A recent review examined currently available warming devices suitable for low-resource settings [9]. These included radiant warmers, incubators, warming mattresses and phase-change materials. Devices were generally effective although it was noted that radiant warmers increased insensible water losses. Some require consumables which may add additional costs, and phase-change materials have a relatively short duration of action before replacement is needed. Considerations such as servicing, parts and power availability, and means of disposal, should also be considered. A randomised controlled study of a prototype cardboard incubator [10] demonstrated non-inferiority in a low-resource setting with high ambient temperatures (25°C) and humidity (50%); 1:1 nursing was provided for the study duration (48h).
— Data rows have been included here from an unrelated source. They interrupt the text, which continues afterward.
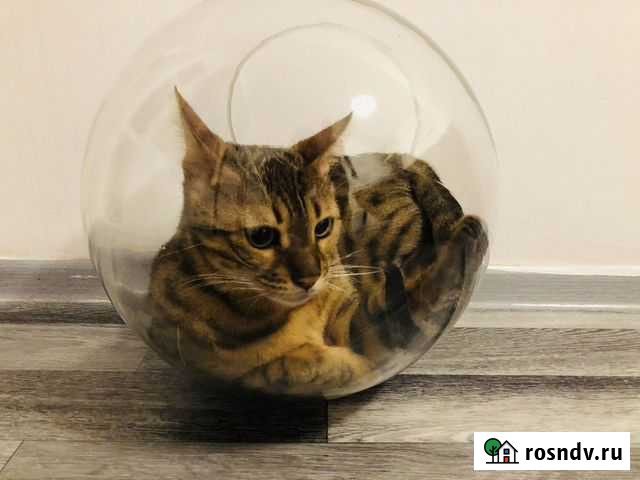 Советский аквариум 1984-86 года Мурманск - изображение 1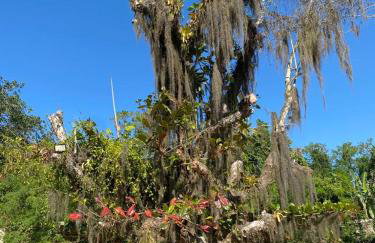 Pousada Meraki Paraty Mirim - Foto 55
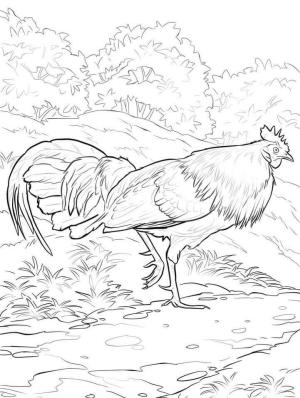 Horoz boyama sayfası,  coloring page, Kırmızı Orman Kuşu Horoz, 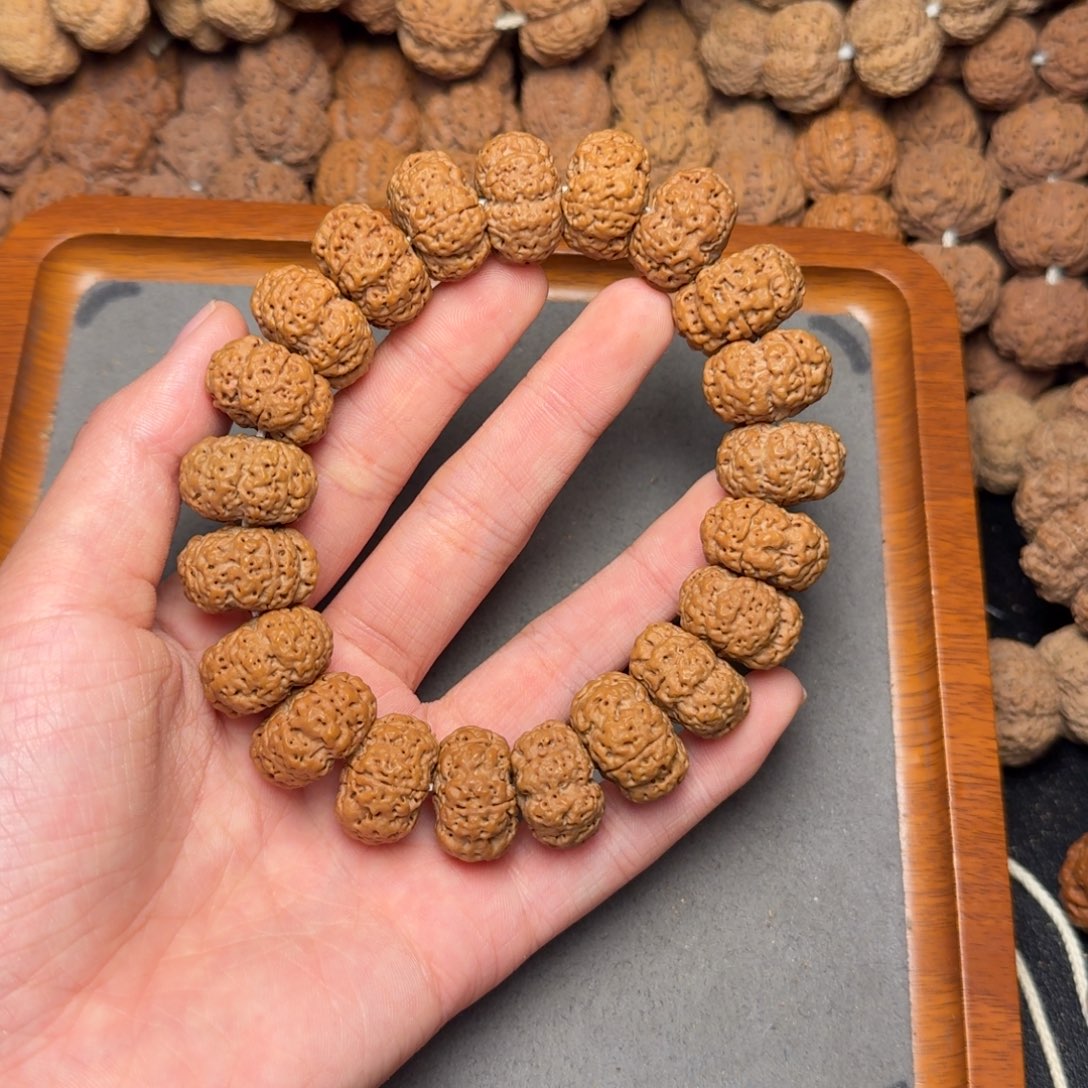 2号尼泊尔大金刚20五星满肉蜂王夹板手持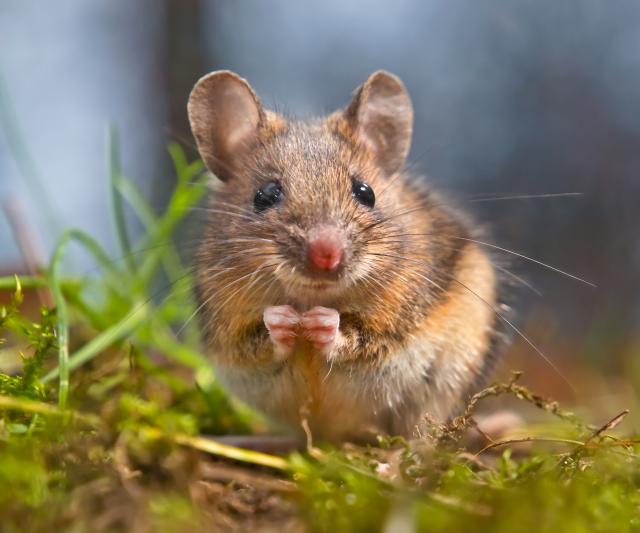 Miš je najstariji èovekov prijatelj?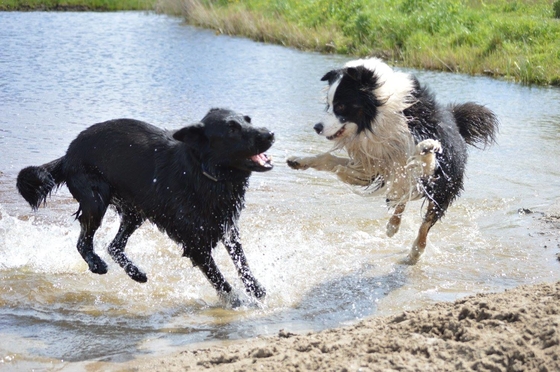 spelende honden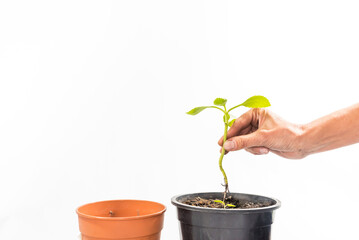 two pots and hand planting in one of them, gardening concept, earth day, space for copying, vertical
During our study trial period, 60% of babies with parental consent did not participate in the study, and trial recruitment was slower than anticipated. The overwhelming reason for this was due to a requirement for a lower incubator temperature than the mOm incubator could provide. Stable neonatal patients often require a set incubator temperature of 28-29°C. The standard incubators could provide this, however, the operating range of the mOm incubator used in the study was 30-37°C. The mOm incubator has since been adjusted to provide a wider range of 28-37°C, demonstrating the value of clinical evaluation. The mOm incubator was designed for use in a broad range of settings, including emergency ones where environments would be expected to be less favourable and staff less experienced. Assessment of usability was important in order to understand the attitudes of staff to a medical device which does not have the features associated with more expensive, conventional devices. The positive feedback from users was reassuring that use in a busy high resource setting was acceptable, with all respondent clinical staff (consultants and nurses) and non-clinical staff (healthcare support workers) saying they would allow their own baby to be cared for in a mOm Essential incubator.

Study Limitations

This was a small-scale pilot study, which although demonstrating compliance to the safety and performance incubator standards [8], was not powered to show non-inferiority against one particular standard incubator, instead hospitals used standard practice which included the use of a range of different ‘standard’ incubators.

Conclusion

In this pilot study, performance of the mOm Essential Incubator showed no significant differences in maintaining thermal stability compared with the standard incubators in infants ≤6Kg, who did not require humidification, and no incubator-related adverse events were observed. In a busy high resource setting, the mOm incubator matches the performance of standard incubators in the maintenance of temperature and may provide the additional benefit of shorter cleaning time.

Acknowledgments

We sincerely thank all the parents who allowed their babies to participate in this study. We particularly thank the clinical research nurses at the recruiting sites who helped with recruitment, training, and data collection, the healthcare support workers who cleaned the incubators between use and the neonatal intensive care nurses who collected all the data required by the study protocol.